Occult trends in children’s literature
By Elizabeth A. Wittman

One morning recently while driving in town, I couldn’t help but notice the bumper sticker on the car in the lane next to mine. Improbably it read: “The goddess has arisen, and magic is afoot.” The unremarkable appearance of the driver made me rule out the possibility that she was referring to herself, so I assumed that she was probably a neo-pagan of the 21st century.
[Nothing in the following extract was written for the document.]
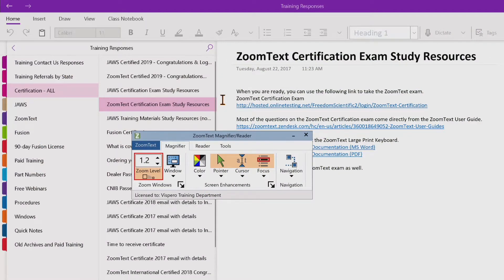Color enhancements in ZoomText improve the clarity of text and graphics, providing easier viewing and reduced eye strain. The color enhancement options consist of a variety of filter effects that adjust color, contrast and brightness. You can choose from preset color schemes or create your own custom color settings. Color enhancement options are enabled and set using the color split button control located on the magnifier toolbar tab.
The old Chinese curse “May you live in interesting times” has certainly been played out in our lives. The age of Christendom, the age where the morals and values of the culture were inspired by Christianity, is over. Nietzsche predicted back in the late 1880s that mankind would limp through the 20th century on the osteoporotic skeleton of the religions of the 19th century, and that the 21st century would bring the total eclipse of all values. Overwhelmingly, the books, TV, video games and music of our times are products of an anti-culture which has, unfortunately, done nothing to discredit Nietzsche’s prediction. Our anti-culture, the culture of death, is served up with plenty of sex and violence, and increasingly the spirituality of the era is the occult.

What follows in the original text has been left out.